■ Problem to work on
In the entries below, find the line containing "Под Оренбургом собаки" and the line containing "Pinguicula planifolia seeds". Copy those two lines and everything between them exactly, and only that.

■ Data for processing
■ ■ ■ ■ ■ ■ ■
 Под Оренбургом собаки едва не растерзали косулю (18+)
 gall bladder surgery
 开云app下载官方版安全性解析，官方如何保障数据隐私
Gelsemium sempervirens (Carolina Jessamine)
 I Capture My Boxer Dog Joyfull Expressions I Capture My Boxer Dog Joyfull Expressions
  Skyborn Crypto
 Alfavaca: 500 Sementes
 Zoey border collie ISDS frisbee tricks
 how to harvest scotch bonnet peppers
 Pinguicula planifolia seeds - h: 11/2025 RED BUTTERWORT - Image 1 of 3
■ ■ ■ ■ ■ ■ ■
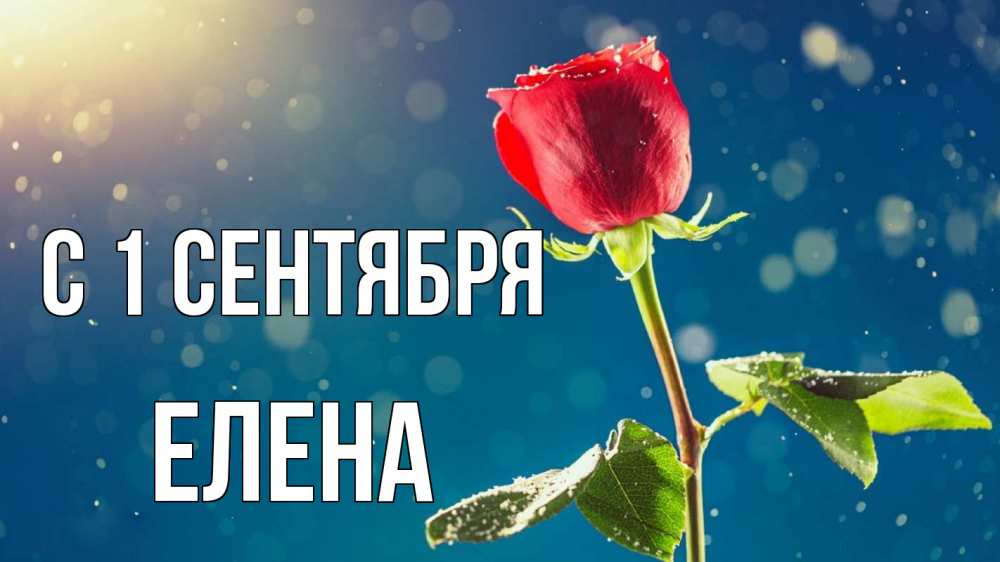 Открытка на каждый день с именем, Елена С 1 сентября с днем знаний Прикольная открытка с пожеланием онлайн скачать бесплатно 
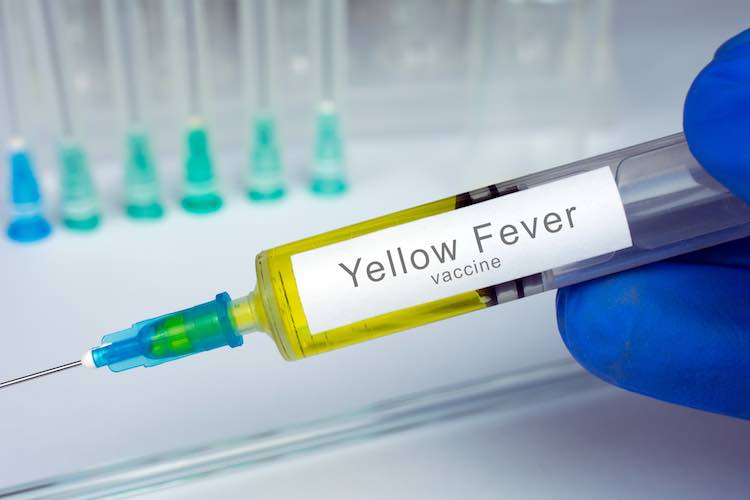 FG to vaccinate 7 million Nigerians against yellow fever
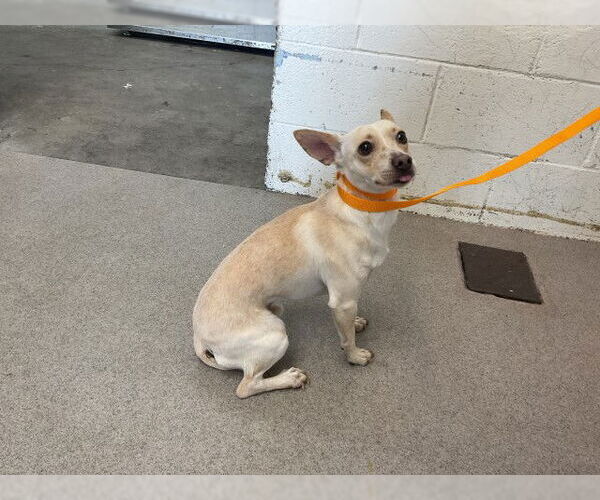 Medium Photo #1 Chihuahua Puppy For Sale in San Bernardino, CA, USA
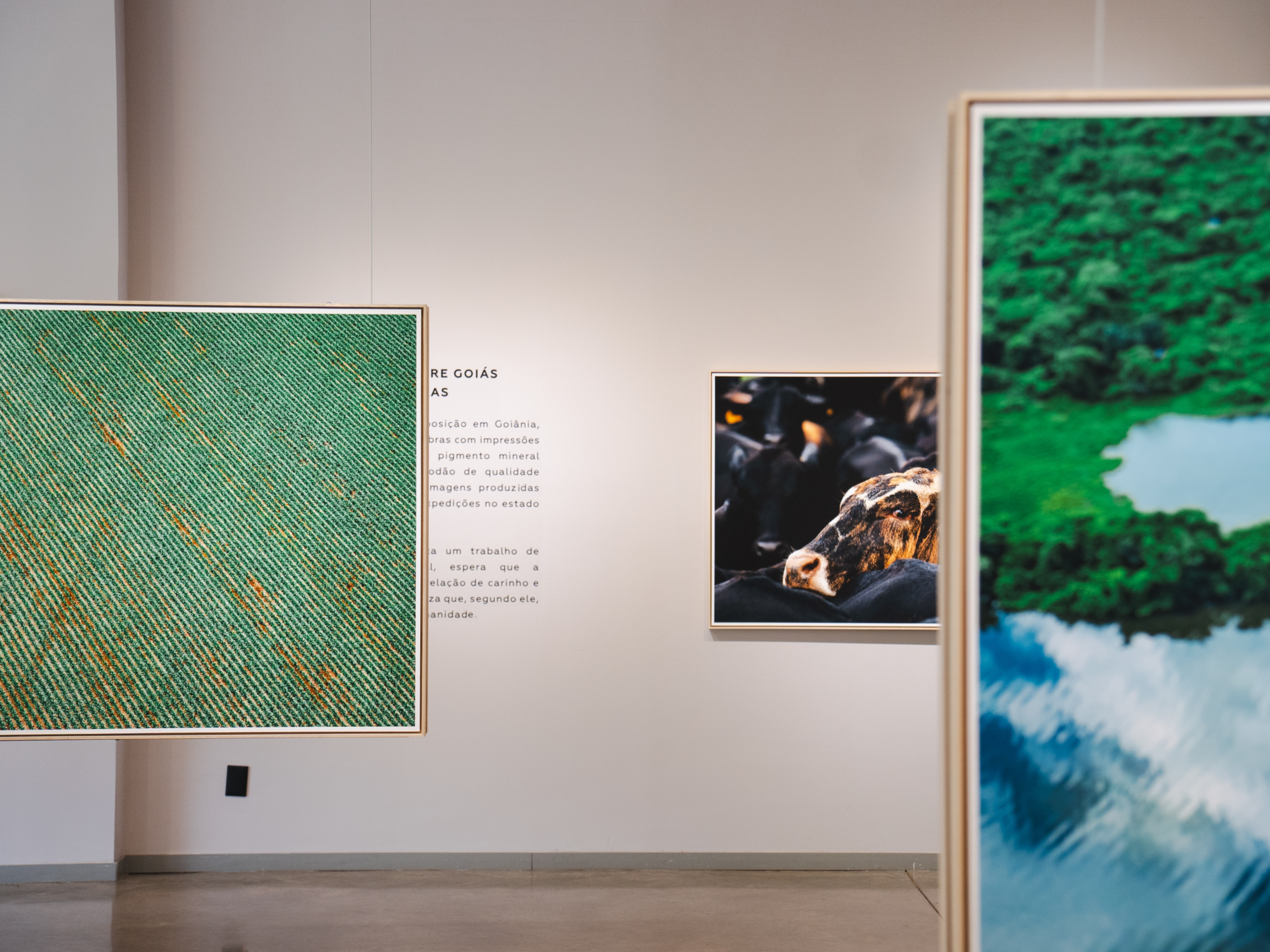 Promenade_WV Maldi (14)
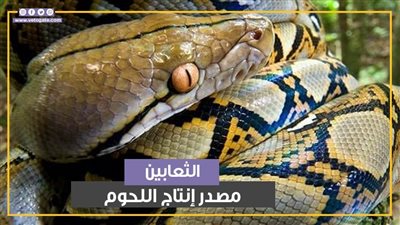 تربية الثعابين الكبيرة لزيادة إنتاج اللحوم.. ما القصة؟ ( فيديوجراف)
■ ■ ■ ■ ■ ■ ■
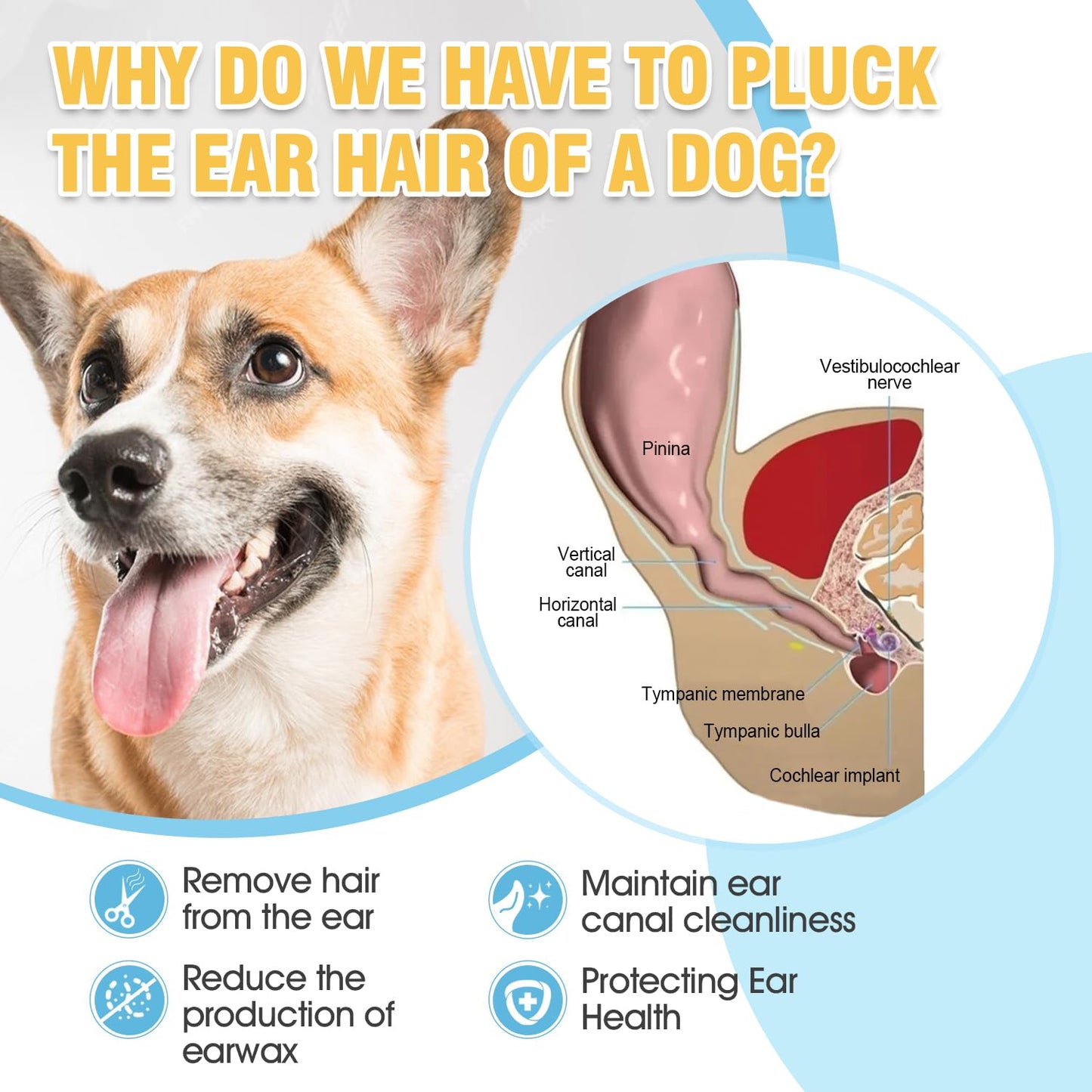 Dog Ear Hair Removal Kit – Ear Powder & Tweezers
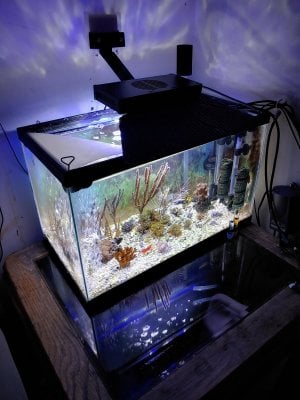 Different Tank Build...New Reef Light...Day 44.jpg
■ ■ ■ ■ ■ ■ ■
■ Solution for this task
 Под Оренбургом собаки едва не растерзали косулю (18+)
 gall bladder surgery
 开云app下载官方版安全性解析，官方如何保障数据隐私
Gelsemium sempervirens (Carolina Jessamine)
 I Capture My Boxer Dog Joyfull Expressions I Capture My Boxer Dog Joyfull Expressions
  Skyborn Crypto
 Alfavaca: 500 Sementes
 Zoey border collie ISDS frisbee tricks
 how to harvest scotch bonnet peppers
 Pinguicula planifolia seeds - h: 11/2025 RED BUTTERWORT - Image 1 of 3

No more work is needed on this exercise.